Studies show that 5 out of 4 people have problems with fractions
WesleyG (Ohio)
Posts: 7
Posted:
It is a bit of both. The HOA is mandatory. When you close your home purchase you become a member. Use fees for the pool are voluntary. It's run similar to most city pools. The city via taxes owns the pool and upkeep. Residents who use the pool pay use fees. Our issue is that the HOA has no mandatory way to collect money. Does that help? Thanks again.
MikeL13 (South Carolina)
Posts: 83
Posted:
To me, this is a bit confusing. In your first post you say: "Our current deeds provide no funding of any kind except a one time membership fee paid upon closing. We have on piece of common property which is a pool."

In another post you say: "It's run similar to most city pools. The city via taxes owns the pool and upkeep."

Not sure what monies you are looking for.

Mike
WesleyG (Ohio)
Posts: 7
Posted:
Wow, I'm doing a poor job of explaining this.
We have two sources of income. Pool use fees and one time HOA closing fees. Those combined cause us to to break about even every year. The issue is we have zero money in any kind of reserve fund and need money for capital expenses. If nothing changes we will go bankrupt. Then what?
TimB4 (Tennessee)
Posts: 21,062
Posted:
Well, some options may be:

Sell the pool and have some company take care of it. This of course would eliminate the revenue stream of pool fees. However, the Association also wouldn't have the expense.

Incorporate the pool separately from the Association (mind you, not being an attorney I have no idea if this is legally possible) and have it operate on it's own. That is to say that the Association still operates it but can't use the pool fees for purposes other than the pool and the pool can't use the Association funds for the pool expenses. This may or may not help insulate the rest of the Association if the pool goes bankrupt.

The obvious, Raise the pool fees so a Reserve fund can be started for the pool.

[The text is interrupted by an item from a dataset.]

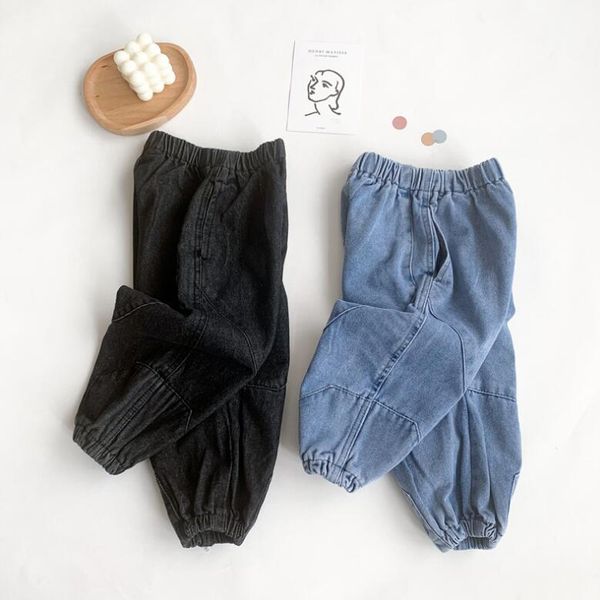 2021 new arrival girls boys denim long pants spring fashion kids jean pants 2-7 years yl198, Blue
2021 new arrival girls boys denim long pants spring fashion kids jean pants 2-7 years yl198, Blue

2nd obvious, Close the pool. If funds allow make it a park that is easier and cheaper to maintain.

Granted, not all of these options may be options the Association wants to even explore. However, they are options.
WesleyG (Ohio)
Posts: 7
Posted:
Thanks for the thoughts. We've explored those but gotten nowhere as we have no buyers or funding.

Any thought on what would happen in bankruptcy?

Thanks again for the help!
JohnC46 (South Carolina)
Posts: 14,265
Posted:
Wesley

I am not nor do I play a lawyer.

When an association (corporation) goes broke, the bankruptcy court will appoint a Trustee in Bankruptcy to basically operate the association. Typically it will be a law firm and they will have some hefty charges to do such. They would be able to sell off assets like common property, etc. They will also bill the association (as in each member) to cover their costs. If your people pay no dues now, I can pretty well assure you there will be charges for them to pay. Imagine the stigma if one wants to sell their home. It becomes a vicious/costly circle.

Eventually the Trustee will put together a plan for the association to emerge from bankruptcy with a new dues structure, new Covenants, new Bylaws, etc. They may also advise dissolving the association so each home is on its own.

You need to inform/scare people into realizing what could happen all in the name of saving a couple of hundred dollars per year.

A plan of action might be a few of you more concerned people get an attorney to explain the alternatives to your members.

Hope this helps.

TimB4 (Tennessee)
Posts: 21,062
Posted:
You could donate the property to a school or other organization. Of course, this may mean that they operate the property as a public facility and the additional traffic, etc. may be more then the membership wants.

I'd suggest that the Board explores all possibilities. Identify both the good and the bad and how each option may affect every owner of properties within the development. Then put the issue to a vote (if you want, it can be a non-binding vote) and see what the members want to do. My experience is that if the members are properly informed, they can make an informed decision (vs. a decision based only on what they believe). Typically, informed decisions are the right option.